I shall not call Amendment No. 11 as it has been replaced by Amendments Nos. 11A, 11B, 11C and the manuscript Amendment No. 11D. I therefore call Amendment No. 11A on the supplementary Marshalled List.

I understand that Amendment No. 11A is not moved. So I call Amendment No. 11B.

9.24 p.m.

Lord LYELL moved Amendment No. 11B: Page 4, line 12, at end insert— ("(2C) The new dock labour Scheme shall not apply to a small harbour or to any place within half a mile (in a direct line) of a small harbour, being a place which is not also within a similar distance of a harbour to which this Act applies. (2D) In subsection (2C) above "small harbour" means a harbour or wharf—

  1. (a) at which the hours worked in the twelve months ended 3rd December 1975 by a person in loading cargo into, or unloading cargo from, ships did not exceed (on being averaged with the hours so worked by other persons so engaged during that period) 1,350; or
  2. (b) which cannot, at mean high water, accommodate ships of a gross registered tonnage more than 1,000 tons;
and for the purposes of this subsection "cargo" and "ship" mean the same as in Schedule 3 to this Act.").

The noble Lord said: Amendment No. 11A not being moved, in moving this Amendment it might be for the convenience of the Committee if I were to speak at the same time to Amendment No. 11B and to the manuscript Amendment No. 11D, which is an Amendment not on the Supplementary List but which I hope is in the hands of all members of the Committee.

Amendments Nos. 11B and 11D together seek to remove the smaller ports from the Bill, and I am sure that the Committee will bear with me while I explain the many reasons behind this proposal. Noble Lords will notice that under these two Amendments there are three criteria for the exclusion from the Bill of the small or smaller ports. First, we find the criterion of the hours worked in loading or unloading cargo from a ship at the port or harbour. Secondly, there is an alternative criterion of the size of the vessel according to its gross registered tonnage. Thirdly, in the Amendment to the main Amendment, the manuscript Amendment, we have taken as a criterion for excluding other ports from the provisions of the Bill those ports which already surpass the aims of the proposed Scheme. We shall of course be touching on other aspects of this at a later stage, but, in the main, those ports in this last category have grown in importance, particularly to the local communities served by them, since the newest Scheme was incorporated in 1967.

Indeed, the Minister in another place was at pains to point out that in almost all cases the ports, the wharves or the harbours that we are discussing have complemented rather than harmed the adjoining Scheme ports. I have many examples in mind, but the Committee would not expect me or any other Lord, I hope, to have a really firm grasp of the conditions at the 395, I think it is, non-Scheme ports in the United Kingdom, or indeed of the 123 non-Scheme ports in Scotland. Noble Lords will not be surprised that the North Sea oil service traffic has made a great difference to many of the smaller ports in Scotland, and indeed in the North-East and the Eastern seaboard of England. But, of course, often new skills and techniques are needed in these ports and in this particular traffic. These new skills which have been acquired at these new ports, apart from being developed within the last five years, are constantly changing.

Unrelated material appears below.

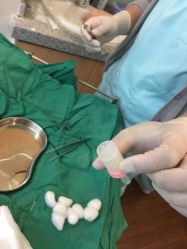 一次性使用的微针针头-北京米扬丽格医疗美容·联合丽格鼻整形中心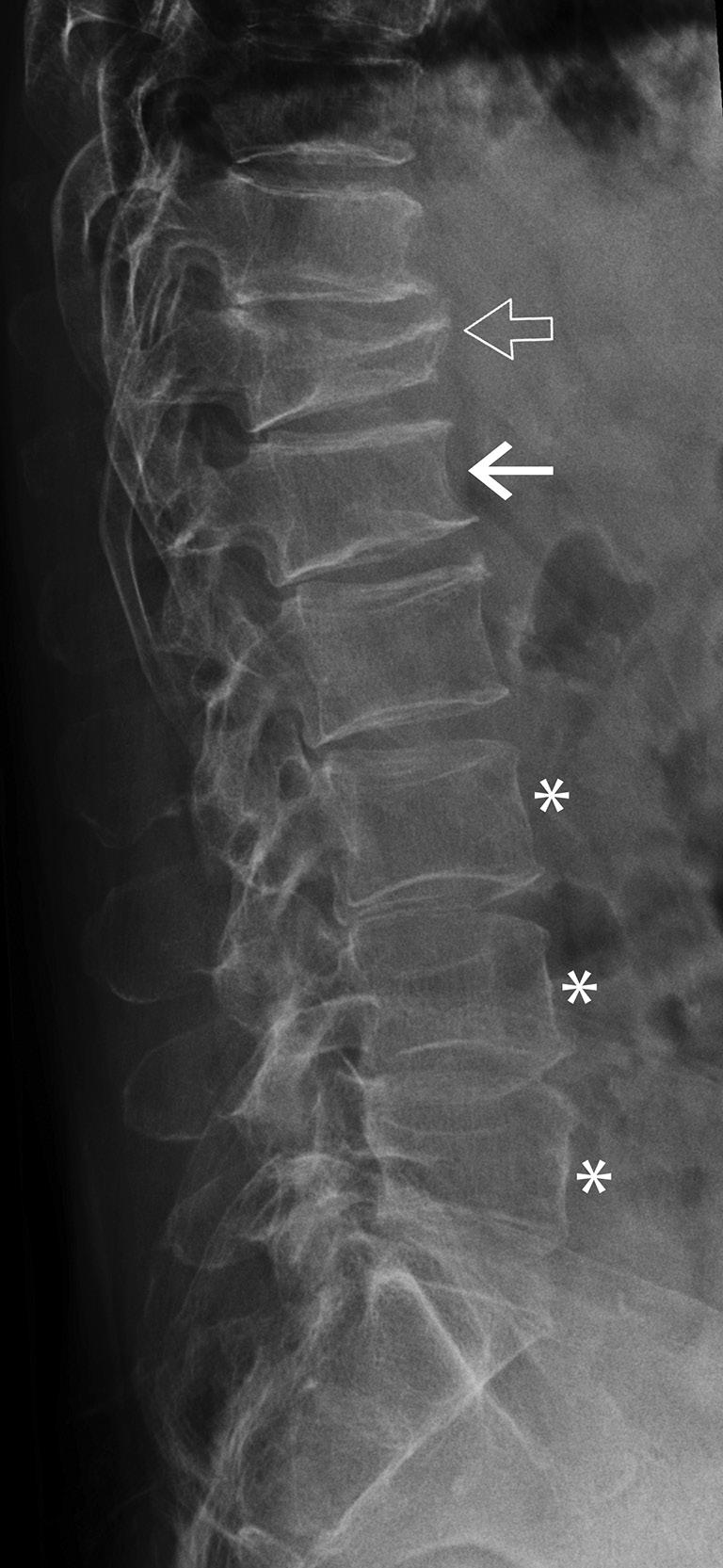 Quantitative Imaging in Medicine and Surgery, Vol 5, No 4 August 2015 597 Figure 6 There is a severe osteoporotic fracture of the T12 vertebral body (open arrow) with a mild osteoporotic fracture of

Perhaps the Committee would like me to consider the three criteria for excluding the small ports. The question of the gross registered tonnage of ships handled at any of the non-Scheme ports, harbours or wharves is particularly germane to the Scheme. As we shall be seeing when we come to consider Clause 5, the objects of the Scheme include reference to regularising and stabilising dock work, not to mention decasualisation. Nowhere in that clause, nor elsewhere in the Bill, can we find any reference to the conditions which ought to, and which do, pertain at the small local harbours: but in most of these the pattern of trade is sporadic, it is seasonal or, indeed, it is irregular, or sometimes it is a combination of all these. Often these patterns are determined by geographic reasons; for example, shallow waters around the harbour, or perhaps difficult access to the harbour, wharf or port by road or even by rail, or possibly even by the trade carried on in the areas which are served by such a small port.

In most of the cases that could be covered by such examples, the trade could not possibly justify the engagement of a permanent labour force to carry out dock work either loading or unloading cargo, or indeed in carrying out general work which would not come within the category of stevedoring. One example concerns a small port in North Wales where timber if often loaded. There, the traffic is sporadic; the port is too small to take ships which go beyond 1,500 gross registered tons; and indeed, the facilities for both loading and unloading are more than adequate for the traffic. The users of this port are almost entirely small transport concerns which carry goods to or from the port when the need arises. The traffic into and, indeed, out of the port is the concern of the area within a radius of approximately 30 miles from the port. What would be the point of laying down conditions whereby the Scheme applies when the work of the port is done at present by skilled workers at the appropriate times?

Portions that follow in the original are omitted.